As with John H Jowett (1863-1923) an English preacher hugely significant in his day with concluding ministries in New York and Westminster Chapel England. You realize how different the world was back then. When he died, the King sent condolences to Jowett's widow. The browning volume I am saying farewell to is a compilation of the The Best of John Jowett. His sermons remain immensely readable, conversationally delivered with clear organization and key themes running through like the Gospel as comfort, his empathy for those who are suffering (he suffered poor health himself) and above all his conviction of the Gospel as Good News. Let me dip into a couple of sections before I let him go.
In his sermon on The Sufferings of Christ he tackles a much overlooked verse (2 Cor 1:5) 'For as the sufferings of Christ abound unto us, even so our comfort also aboundeth through Christ.' Let me edit two complementary sections : First a challenge about the dangers of avoiding suffering.
It is possible to evade a multitude of sorrows by the cultivation of an insignificant life. Shed ambitions in every direction, cut the wings of every soaring purpose, assiduously cultivate a little life. By this means a whole continent of afflictions will be escaped and will remain unknown. Cultivate negations and large tracts of the universe will cease to exist. Cultivate deafness and you are saved from the horrors of discords.

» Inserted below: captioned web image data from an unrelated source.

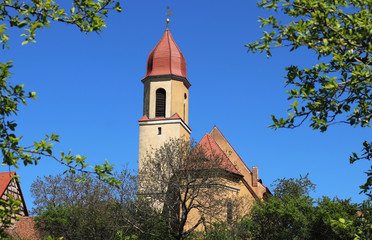 church in a Bavarian village, framed by trees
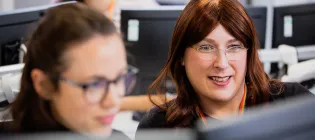 Two colleagues look happily at a computer screen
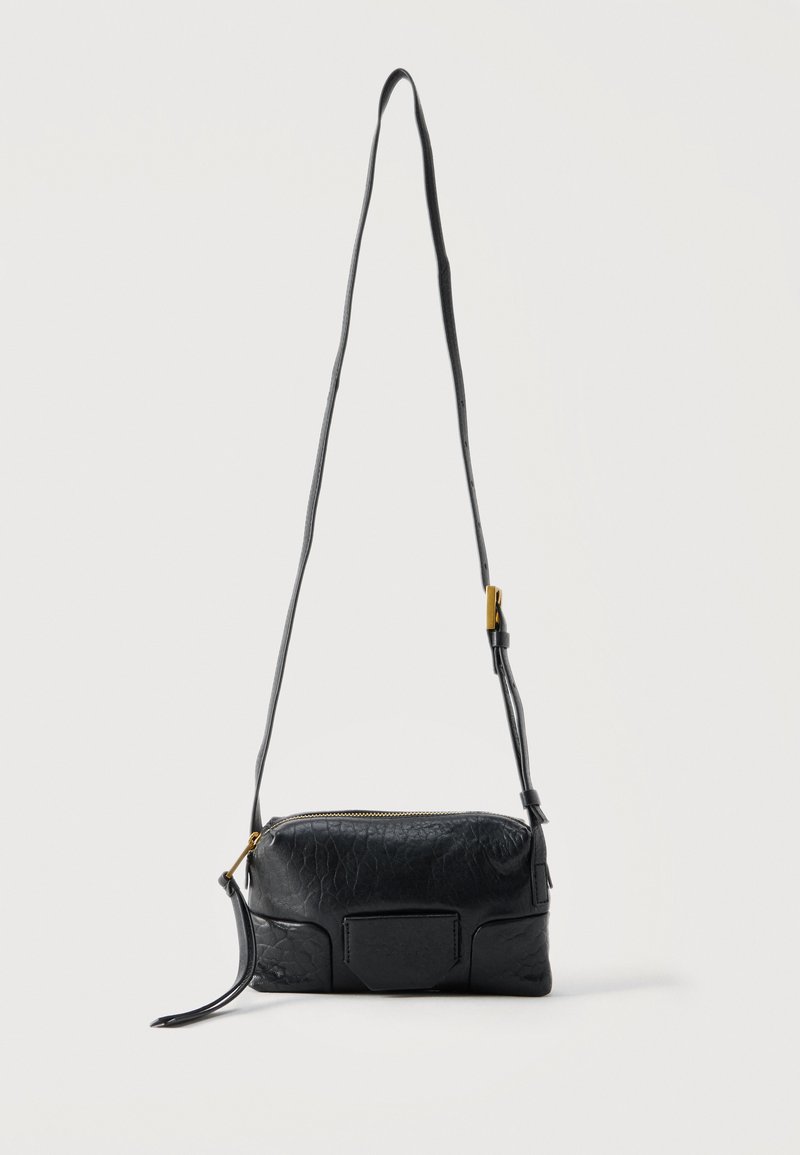 Μαύρη τσάντα χιαστί από υφή δέρματος με ρυθμιζόμενο λουράκι, χρυσή πόρπη και κλείσιμο με φερμουάρ, εμφανιζόμενη σε απλό λευκό φόντο.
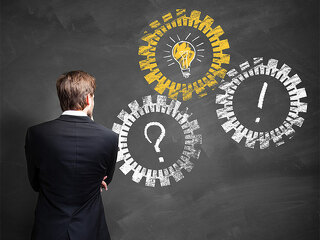 Anzugtraeger-vor-Zahnraeder-auf-Tafel-82412830-FO-fotogestoeber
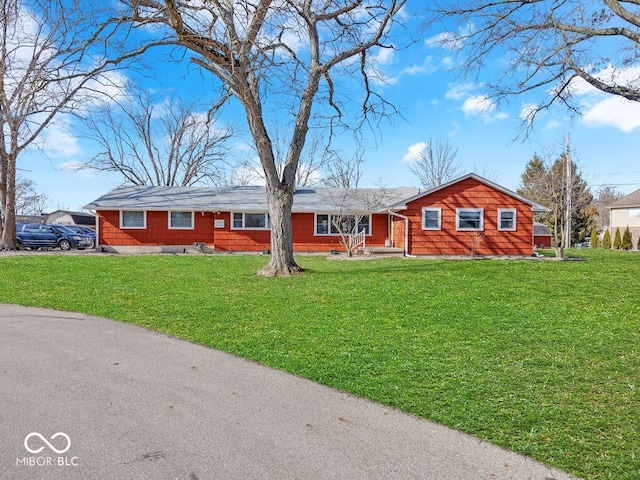 single story home featuring a front yard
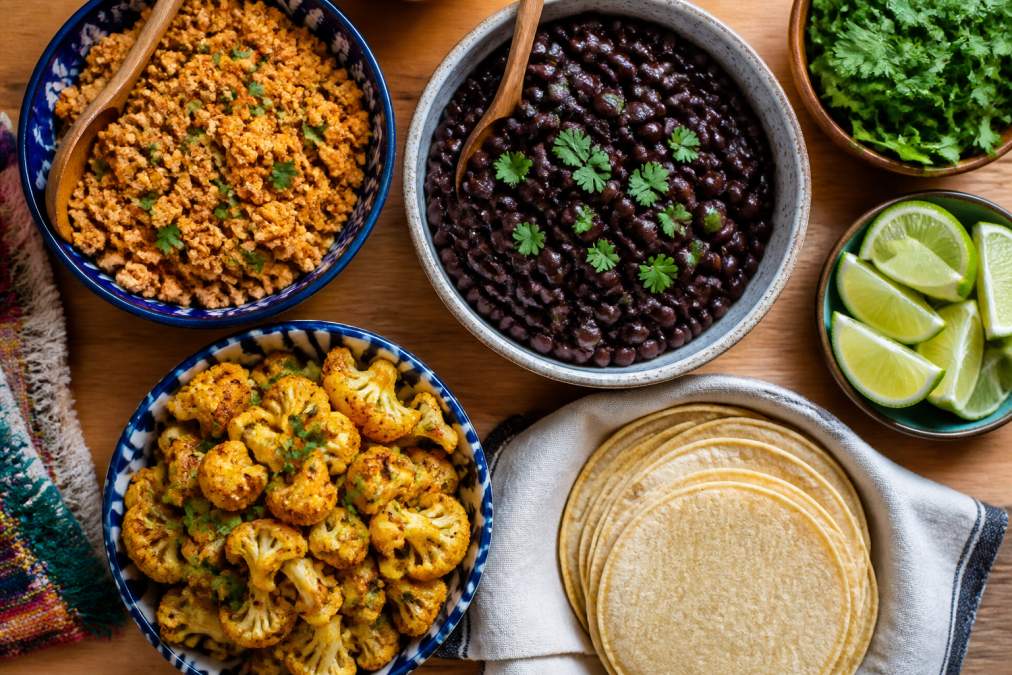 Overhead shot of a vibrant taco bar spread with colorful bowls of cooked black beans, seasoned crumbled tofu, sautéed cauliflower, fresh cilantro, lime wedges, and corn tortillas arranged on a wooden table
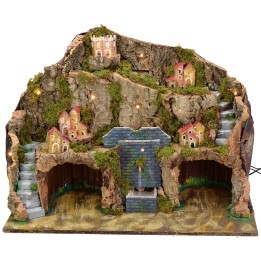 Illuminated nativity scene with working fountain and cave for statues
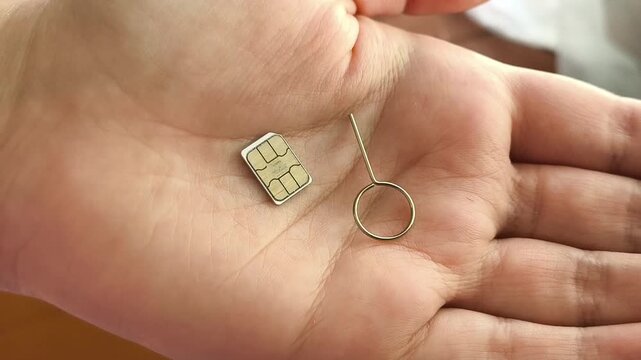 SIM card and SIM ejector tool held in hand close up, mobile connectivity, cellular network and mobile internet concept.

Cultivate blindness, and you are saved from the assault of the ugly. Stupefy a sense and you shut out a world...reduce yourself to the smallest compass. And indeed, that is why so many people, and even so many professedly Christian people, get through life so easily...because they have reduced their souls to a minimum. They have cut the sensitive wires which bind the individual to the race, and they are cosily self-contained, and the shuddering sorrow of the world never disturbs their seclusion. . Tiny souls can dodge through life; bigger souls are blocked on every side.
I turn the matter round. I have already said that if we lessened our lives we should lessen our sorrows. It is now needful to add that if we lessen our lives we also lessen our joys. Deaden the sense of hearing and you escape the discords, but you also lose the harmonies. Drug your artistic sense, and you lose the pain of the ugly, but you also lose the inspiration of the lovely. If by the enlargement of my life I let in human sorrow I also let in divine consolation. A big, holy purpose makes me more sensitive towards the sin and hostility of man, but is also makes me more sensitive towards God. If we suffer with Christ, Christ Himself becomes a great reality. When life is a picnic we play with theology...when we suffer with Christ we come to know Christ, to come face to face with reality, and the idle superfluities drop away. Our fellowship in His battles makes us receptive of His peace: 'My peace I give to you.' There is no surer way of becoming sure of Christ than to follow the way of sacrificial life and service.
Some of us know life is not a picnic! But what a challenge: Enlarging my life to let in human sorrow opens up divine consolation. That's stayed with me ever since I first read it. I don't want to lead an insignificant life and miss out on God's big holy purpose. Worth pondering, yes?